INPUT DATA:
______

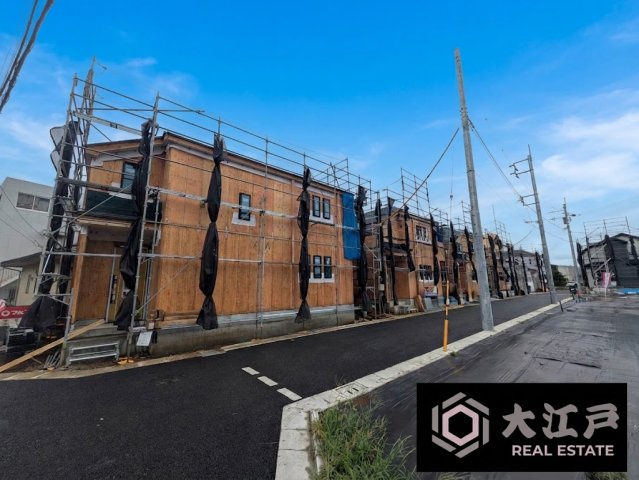 練馬区大泉町１丁目全10棟新築戸建　長期優良認定住宅の前面道路含む現地写真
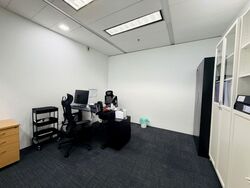 Gateway East (D7), Office #552440931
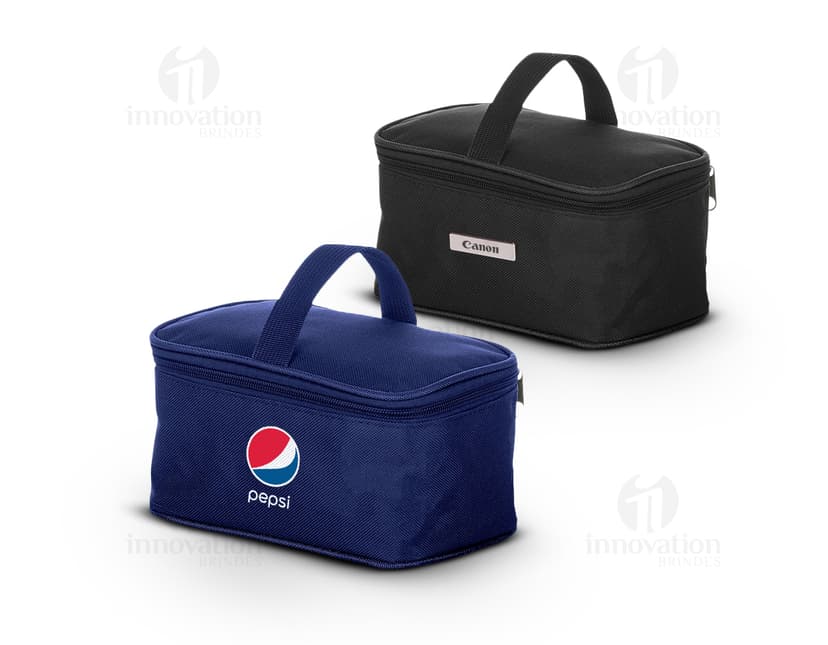 Bolsa térmica 2,6 litros para manter seus alimentos frescos durante viagens, passeios ou no trabalho. Feita em material resistente, ideal para armazenar alimentos e bebidas de forma prática e segura. Adquira já a sua bolsa térmica e desfrute de refeições fresquinhas onde quer que esteja. Confira!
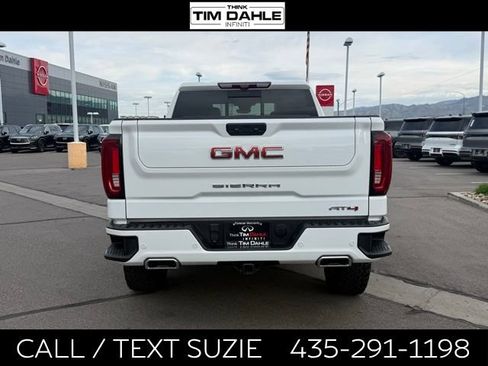 Used 2023 GMC Sierra 1500 AT4 w/ Technology Package AWD/4WD image 8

______

ACTIVITY: Restate the material above exactly. Exclude all pictures.

WRITTEN RESPONSE:
 練馬区大泉町１丁目全10棟新築戸建　長期優良認定住宅の前面道路含む現地写真
 Gateway East (D7), Office #552440931
 Bolsa térmica 2,6 litros para manter seus alimentos frescos durante viagens, passeios ou no trabalho. Feita em material resistente, ideal para armazenar alimentos e bebidas de forma prática e segura. Adquira já a sua bolsa térmica e desfrute de refeições fresquinhas onde quer que esteja. Confira!
 Used 2023 GMC Sierra 1500 AT4 w/ Technology Package AWD/4WD image 8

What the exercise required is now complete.